Back in 2010, there was talk of a year-round co-op market opening in town. At every fair and farmer’s market, there was someone recruiting members and sharing their vision of “more happy people, more local economy, and more healthy food with a mission to offer organic, sustainably produced food and local products year round.” This particular vision was one I could see clearly and one I really wanted to see successfully shared with the masses.
After several years in the works, it finally opened last year, and it is wonderful. We stopped by last weekend to buy some local steaks when I saw the gorgeous produce and it took me back to that giddy feeling I got when I went to pick up the CSA box a couple years ago. Look at this!
Then, I saw the beets.
Screw steaks! Our dinner menu changed the moment I saw these beautiful, matte surfaced gems. I grabbed a bunch, headed home, and went to the drawing board and came up with a recipe for a delicious grilled pizza, using the Dandelion and Beet Green Pesto I made.
Of course it’s grilled!

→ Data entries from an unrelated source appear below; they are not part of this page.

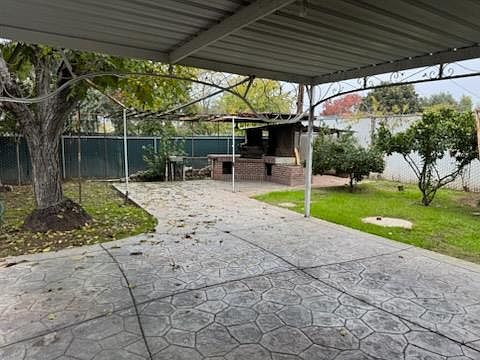 5th image of 5225 E Belmont Ave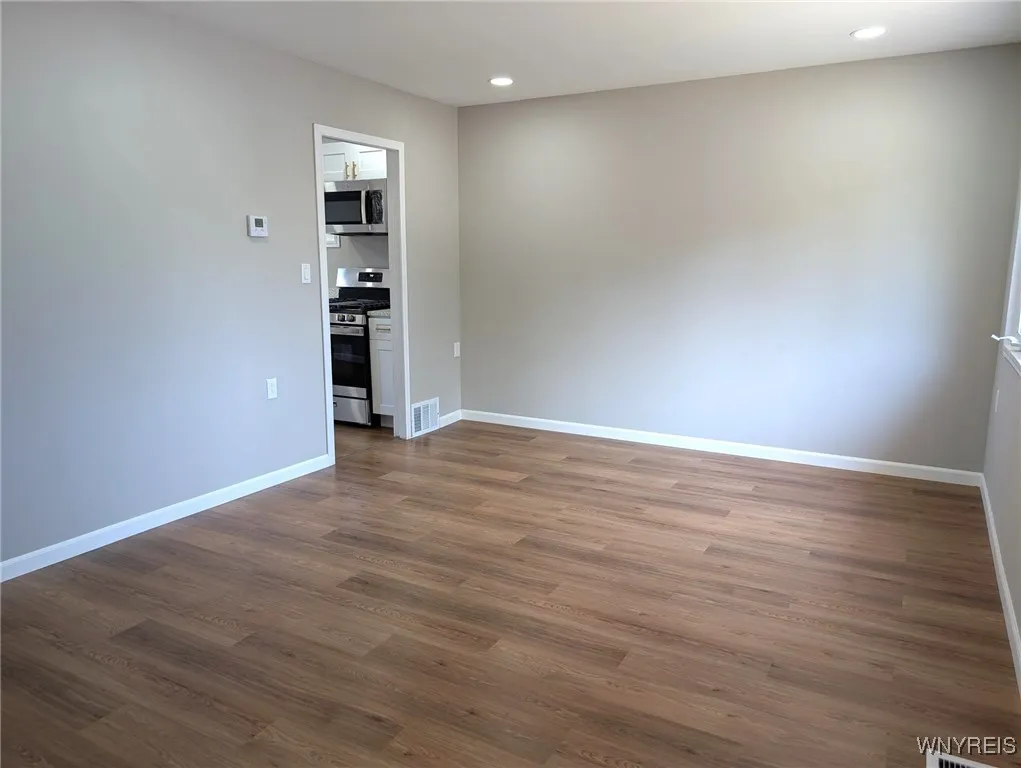 234 Floradale Avenue, Tonawanda, New York 14150, Tonawanda, New York 14150, 3 Bedrooms Bedrooms, 5 Rooms Rooms,2 BathroomsBathrooms,Residential Lease,For Rent,234 Floradale Avenue, Tonawanda, New York 14150,B1632799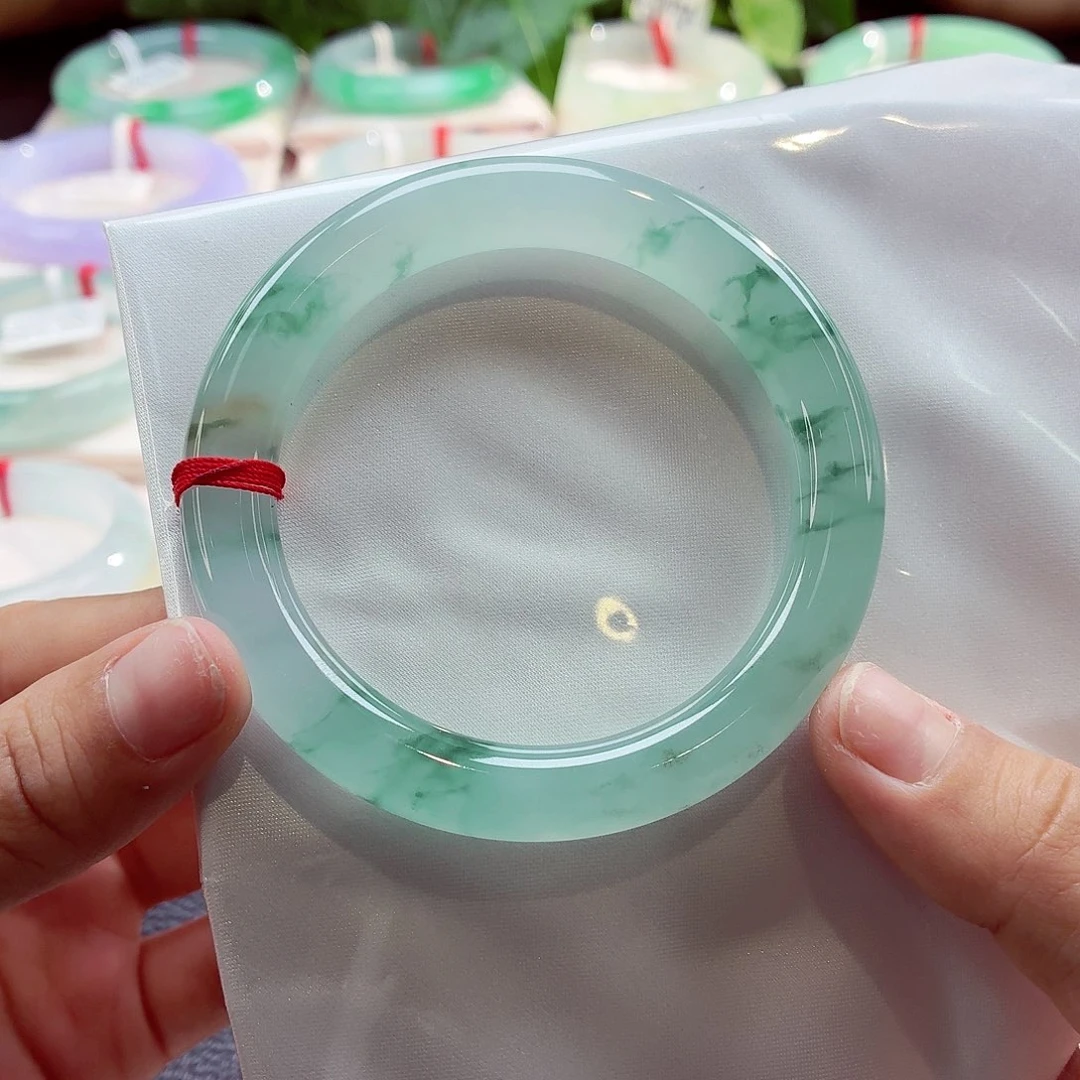 翡翠未镶嵌手镯（圆镯）冰胶起荧光冰飘花68-050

It’s summer!!
Though I have to admit, I was a little late jumping on the grilled-pizza bandwagon. That was dumb because they are delicious!
Not to mention, beautiful. Char makes everything taste and look better.
Note: A pizza crust was burned in the making of this recipe. When we started, the grill was a bit too hot. By too hot, I mean, it would singe the hair off your arms if you got too close. Make sure the grill is close to medium heat. If you’re using charcoal like I did, play with the vents until the grill reaches a temperature where you can hold your hand about 8 inches from the grate for a few seconds without wanting to jerk away.
Another note: I used mozzarella on one of the pizzas, in addition to the blue cheese, and it really didn’t add anything to the flavor. If anything, it concealed the flavors I loved the most about the pizza. Don’t use mozz unless you want to hide the flavors.
Get ready, folks. Next week, I’ll be down south eating barbecue and banana pudding. This blog and its posts are going country for a few weeks! 🙂
- For the dough:
- 1¼ cups warm water (about 105 degrees Fahrenheit)
- 1½ Tbsp. dry yeast
- 1 tablespoon honey
- 3 tablespoons olive oil
- 3½ cups all-purpose flour, plus more as needed
- 2 teaspoons kosher salt
- For the topping:
- 4 medium beets, roasted and thinly sliced
- 1 cup dandelion and beet green pesto
- 1 lb. prosciutto, sliced into thin strips
- 8 oz. good blue cheese, crumbled
- Olive Oil for drizzling
- For the dough, combine the water, yeast, honey, and olive oil in the bowl of an electric mixer fitted with a dough hook. Add 3 cups flour, then the salt, and mix. While mixing, add ½ cup of flour, or enough to make a soft dough. Knead the dough on low speed for about 10 minutes until smooth, adding a little bit more flour, if necessary, to keep it from sticking to the bowl.
- When the dough looks as though it's smooth and elastic to the touch, take out of the bowl and place the dough in an oiled bowl. Turn it several times to cover it lightly with oil so it doesn't get crusty. Cover the bowl with a kitchen towel and allow it to rest for about 45 minutes at room temperature.
- Divide the dough into six equal dough balls. Roll each one until it is smooth. Place the balls on a baking sheet and cover them with a damp towel. Allow the dough to rest for 10 minutes.
- Roll and stretch each ball into a rough 8-inch circle and place them all on a plate. Cover with the same damp towel while the grill is heating.
- Heat the grill to medium-low. When heated, place pizza dough, two at a time, on the grate, and cook for five minutes. Flip and begin dressing the pizza with pesto first, beet slices second, prosciutto, and blue cheese lastly. Drizzle with good olive oil and close the grill. Cook for 5 minutes more or until the topping have warmed.
- Cut into slices and enjoy warm or cold.
- **Note: To roast beets, trim off tops, cut a few holes in each, drizzle with olive oil, and wrap in oil. Place in a 400 degree oven and cook for about 45 minutes. Don't worry about peeling them. Once they've cooked and cooled, the skin comes off easily.